Grafana API keys go invalid intermittently

Description:

Dear Percona community,
I see the strange issues in PMM-server 2.39. Sometimes I see tons of messages like this:

logger=context t=2023-12-04T14:34:40.147436769Z level=error msg="invalid API key" error="invalid API key" traceID=
logger=context userId=0 orgId=0 uname= t=2023-12-04T14:34:40.148321642Z level=info msg="Request Completed" method=GET path=/api/auth/key status=401 remote_addr=127.0.0.1 time_ms=1 duration=1.154743ms size=67 referer=

When it happens, Grafana is out of service as it can’t handle the frequent recurring requests from the agents. top shows that Grafana consumes 100 to 200 %CPU. To mitigate the issues I had to edit the configuration file /usr/local/percona/pmm2/config/pmm-agent.yaml and change .server.password to plain PMM admin password instead of base64-encoded API KEY. That had to be done for each of about 150 agents I have.

This kind of incident repeated several times with new agents I registered. I couldn’t find what caused the API keys to go invalid, but I would like to prevent those situations from happening in the future.
So could you please help me answer the following questions?

  • What can cause Grafana API tokens to go invalid?
  • Which metric expressions could be used for alerting on the cases when pmm-agent has an invalid API key and is unable to connect to the server?
  • Should I completely give up using API keys and get back to using the plain admin password in pmm-agent configuration?

Steps to Reproduce:

  1. Deploy pmm-server into Kubernetes with /srv directory mounted to persistent storage.
  2. Register multiple agents with /usr/sbin/pmm-admin config --server-url "https://${PMM_USERNAME}:${PMM_PASSWORD}@${PMM_HOST}:${PMM_PORT}" --force command.
  3. Unclear what happens next.

Version:

pmm-server 2.39
pmm-agent 2.39

Hello @Grigoriy_Frolov, please update to the latest PMM. This problem was caused because of SQLite used in PMM, we fixed it recently.

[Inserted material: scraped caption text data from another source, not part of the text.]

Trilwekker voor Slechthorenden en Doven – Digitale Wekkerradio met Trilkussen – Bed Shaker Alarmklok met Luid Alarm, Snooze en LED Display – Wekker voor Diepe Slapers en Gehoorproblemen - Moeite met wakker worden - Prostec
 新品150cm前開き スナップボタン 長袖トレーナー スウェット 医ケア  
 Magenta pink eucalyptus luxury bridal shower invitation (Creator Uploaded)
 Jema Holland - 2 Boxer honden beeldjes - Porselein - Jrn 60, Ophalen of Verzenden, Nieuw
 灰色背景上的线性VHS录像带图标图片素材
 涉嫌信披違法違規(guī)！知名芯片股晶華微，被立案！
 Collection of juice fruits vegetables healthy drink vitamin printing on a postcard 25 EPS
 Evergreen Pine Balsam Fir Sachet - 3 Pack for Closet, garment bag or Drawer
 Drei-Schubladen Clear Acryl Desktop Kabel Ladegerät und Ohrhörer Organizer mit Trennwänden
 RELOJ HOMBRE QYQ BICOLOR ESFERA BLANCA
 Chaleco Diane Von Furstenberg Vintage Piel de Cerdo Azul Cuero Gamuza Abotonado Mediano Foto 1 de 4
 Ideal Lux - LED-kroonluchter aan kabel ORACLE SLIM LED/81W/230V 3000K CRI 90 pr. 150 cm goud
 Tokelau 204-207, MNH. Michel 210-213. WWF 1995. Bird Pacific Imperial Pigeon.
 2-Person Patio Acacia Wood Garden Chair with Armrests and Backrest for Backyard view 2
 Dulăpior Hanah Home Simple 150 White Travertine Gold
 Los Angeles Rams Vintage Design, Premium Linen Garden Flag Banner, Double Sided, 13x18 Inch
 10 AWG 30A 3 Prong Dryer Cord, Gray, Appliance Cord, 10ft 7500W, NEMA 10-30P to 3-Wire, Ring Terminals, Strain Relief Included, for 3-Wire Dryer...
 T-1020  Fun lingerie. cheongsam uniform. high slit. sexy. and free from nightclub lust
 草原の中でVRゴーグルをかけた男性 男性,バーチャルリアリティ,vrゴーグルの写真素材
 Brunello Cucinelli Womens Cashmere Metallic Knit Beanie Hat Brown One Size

  • Which metric expressions could be used for alerting on the cases when pmm-agent has an invalid API key and is unable to connect to the server?
    We have alert template for pmm-agent being down, so you can use it.
  • Should I completely give up using API keys and get back to using the plain admin password in pmm-agent configuration?
    No, please don’t give up and use the latest PMM

Thanks Nurlan, I will update my PMM deployment to 2.40.1 today and watch.